Researchers from University of North Carolina Chapel Hill, the University of Copenhagen and other institutions conducted a meta-analysis examining 60 past genetic studies to see if physical activity could mitigate the effects a genetic predisposition to weight gain.
"Decline in daily physical activity is thought to be a key contributor to the global obesity epidemic," the authors wrote. However, they explained that genetic make-up may also play a role in weight gain for people who are not physically active.
They screened for 2.5 million genetic variants in 200,452 adults and also separated the subjects between those who were physically active -- about 77 percent -- and those who were physically inactive, about 23 percent. The researchers then looked at different markers that would indicate if a person was overweight including their body-mass index, waist circumference and hip-to-waist ratio.

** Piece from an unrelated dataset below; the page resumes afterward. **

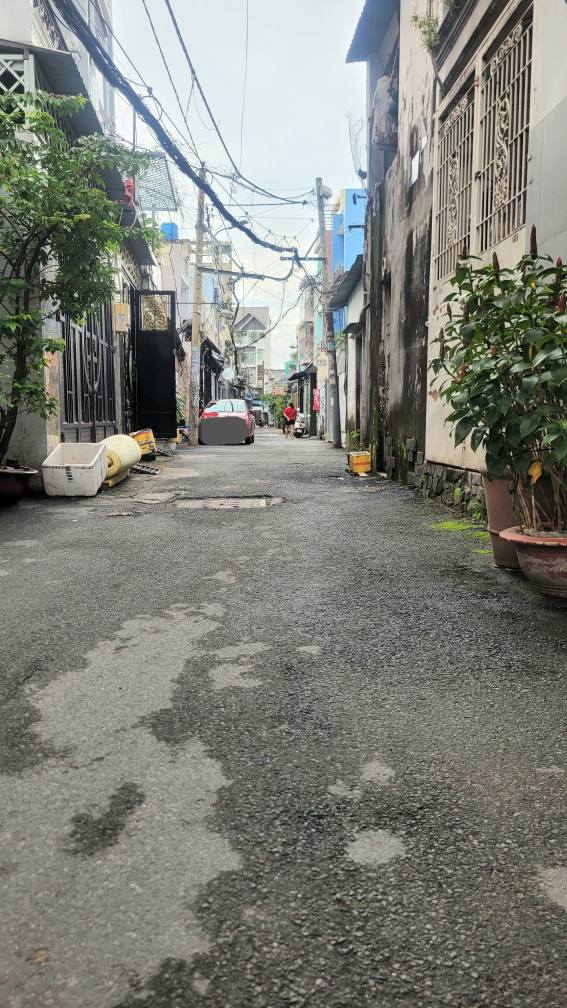 Nhà phố Bờ Bao Tân Thắng, quận Tân Phú 76.5m² giá 6 tỷ - Gần Aeon Tân Phú!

They found those with a genetic variation that predisposed them to gain weight -- called an FTO gene -- had the ability counteract the effects that gene through exercise. By looking at the data they found that those with the FTO gene who were physically active were able to reduce the weight-gain effects associated with the gene by about 30 percent.

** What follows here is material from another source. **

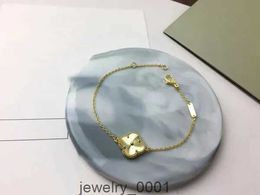 2023 Luxury Van Clover Designer Bracelet Pearl 4 Leaf 18k Gold Laser Brand Bangle Charm Bracelets Necklace Earrings Wedding Wz4u CKAG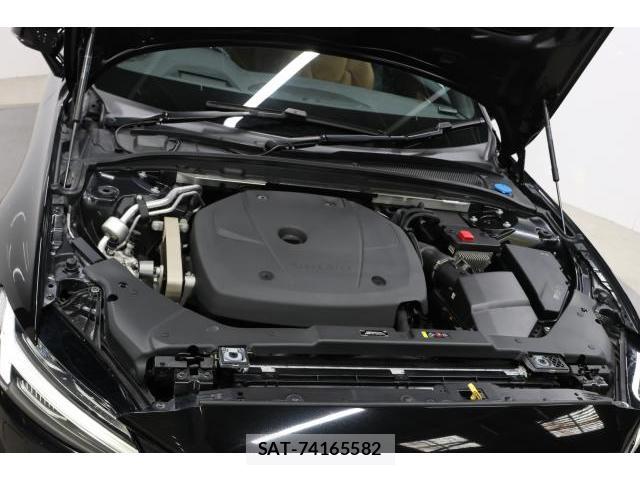 Volvo V60 2020 8009839-17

Dr. Goutham Rao, chairman of Family Medicine and Community Health at University Hospitals Cleveland Medical Center, said this type of research is key in helping patients better understand their weight and health.
"Despite that sort of bad luck of having a genetic predisposition to obesity if you are physically active ... you're not going to reduce risk of obesity entirely but you reduce it significantly," Rao said.
The mechanism that leads to people with FTO to be predisposed to gain weight is still not fully understood, but Rao said it's key to give people encouragement that taking healthy steps has an effect even if they haven't reached their goal weight.
"The message is to be sympathetic," Rao said. Explaining he tells frustrated patients, "if you weren't doing your best you would weigh a lot more and be much less healthy."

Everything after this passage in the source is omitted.